Review: The Ancestors' Call

 

Within the musical canon of the genre traditionally known as “jazz,” Chicago’s legacy as birthplace or training ground for some of the genre’s most innovative and technically adept trumpeters is solidified by musicians such as Ray Nance, Louis Armstrong, Lester Bowie, Marquis Hill, and Corey Wilkes. With his stellar debut quintet album, The Ancestors’ Call, Chicago-based trumpeter and composer, Marques Carroll, rightly adds his name to this list.

Accompanied by long-time collaborator, pianist Amr Marcin Fahmy, alto saxophonist Brent Griffin, bassist Christian Dillingham, drummer Greg Artry, percussionist Victor Garcia, trombonist Alex Wasily, and guest vocalist Sharon Irving, Carroll crafts a triumphant homage to “our ancestors who are presently alive within us and whose spirits call to us.”[1] Citing fellow trumpeters and composers Roy Hargrove and Nicholas Payton as influences[2], The Ancestors’ Call firmly roots itself in the expansive lineage of contemporary musicians like Payton and Hargrove whose sonic explorations of ancestry, be they familial and/or musical, embody Carroll’s motto to which The Ancestors’ Call abides: “Respect tradition, preserve the culture, and push forward.”[3]

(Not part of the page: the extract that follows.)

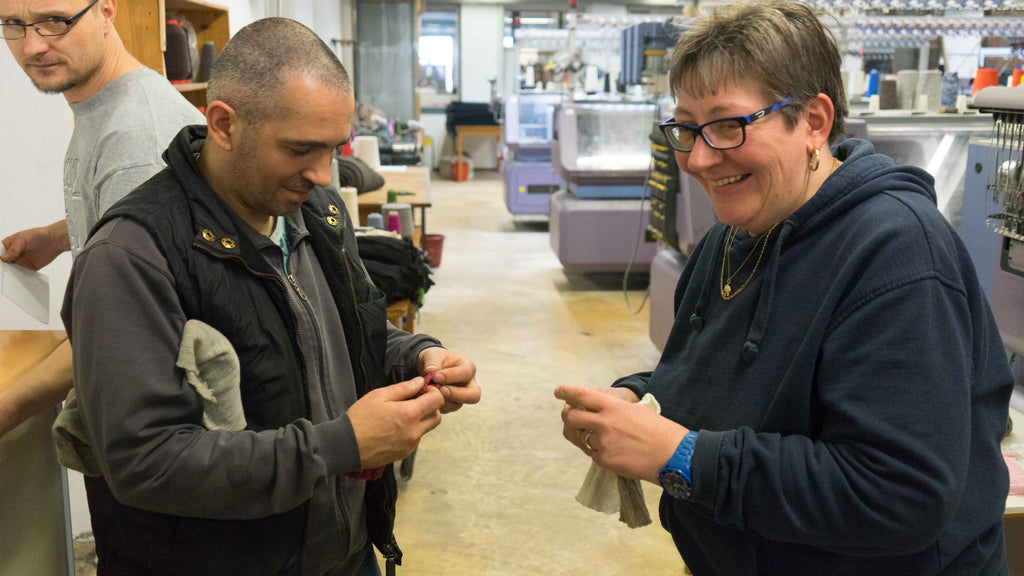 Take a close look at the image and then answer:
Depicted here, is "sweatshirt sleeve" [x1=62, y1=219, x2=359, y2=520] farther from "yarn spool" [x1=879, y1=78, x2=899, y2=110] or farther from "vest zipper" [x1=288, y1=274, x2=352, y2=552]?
"yarn spool" [x1=879, y1=78, x2=899, y2=110]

The interconnected relationship between past, present, and future is woven throughout the album’s eight original compositions and sequenced as a conversation between we the living, and those who have come before us. The album’s opening song, “The Ancestors’ Call Upon Us,” begins this intergenerational dialogue with the crescendoing sound of the foundation of African and African Diasporic music: the drum. Artry’s pulsating drum solo is followed by Garcia, Dillingham, and Fahmy’s percussive counterpoints over which Carroll, Wasily, and Griffin’s ancestors collectively and independently “speak.” In their solos, each voice conveys that which has been key to our survival as a people: Carroll’s assuredly measured phrasing underscores the concept of cool not just as aesthetic but an approach to life, Wasily’s persistent and determined tone reflects the history of our resolve, and Griffin’s dexterity reminds us to marvel at the beauty we create out of it all.

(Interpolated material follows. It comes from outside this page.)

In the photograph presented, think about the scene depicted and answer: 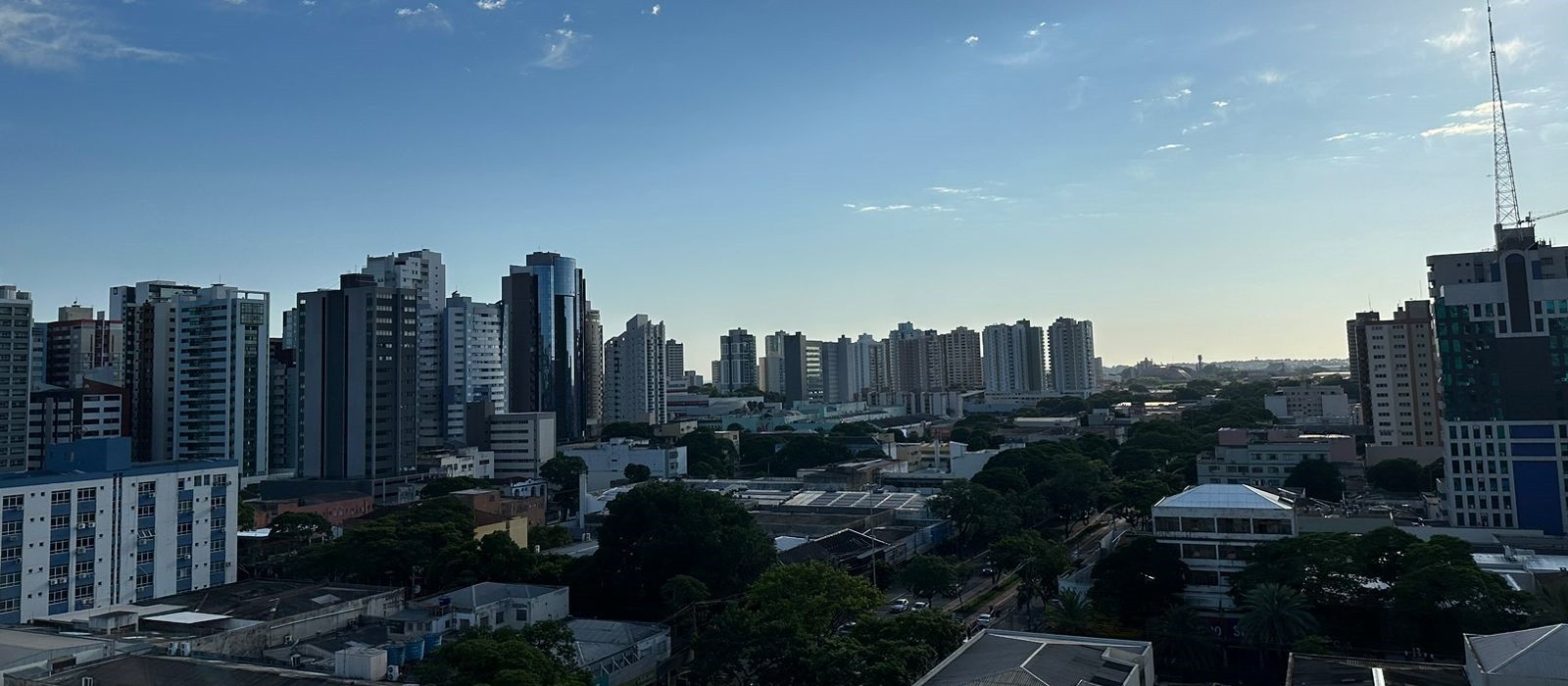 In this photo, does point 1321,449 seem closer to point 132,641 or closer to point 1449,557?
point 1449,557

It is this wisdom that we are charged to remember in the wake of a cacophony of screeching horns and thunderous drums that lead the imagined aftermath of “Beyond The Battle.” Once the warring chaos ends, Artry’s militaristic drum cadence calls us to attention while Fahmy plays a contemplative melody of respite. Carroll and Griffin’s dueting harmonies intensify the contemplative mood of the song – to listen to it with closed eyes is to hear Griffin’s repeated refrain as an alternating prayer and plead for guidance from the ancestors on behalf of all of us as if to ask, “Where do we go now? Where do we go now from here?” Carroll offers an achingly visceral response reassuring us that our cries to the ancestors never go unheard or unanswered.

Throughout the album, Carroll invokes ancestral presences not only as unnamed omnipresent figures but also as specific points of musical and cultural reference. Echoes of John Coltrane’s “Psalm” and “Welcome” and Lee Morgan’s “Search For The New Land” are heard in the grand, otherworldly entrance of drum, bass, piano, and horn on the album’s final songs, “Resolution For Us” and “The Ancestors’ Final Words.” On the haunting dirge, “Aries Goddess (For Consuela and the Fallen)”, Irving’s lamenting voice soars as she sings, “Fly away, fly away/ rise above this empty space to endless love/ because you are, we are made new,” offering the incantation of flight present in the folktale, “The People Could Fly,” as a liberatory refuge to victims of gun and police violence.

The remaining songs, “Generational Response,” “Assemble the Enlightened,” and “Urgency” joyously complete the album, each evoking a sense of preparedness and steadfastness to be passed on for generations to come. On The Ancestors’ Call, Marques Carroll completes the cycle by heeding the call of those who have come before him and invites us to do the same.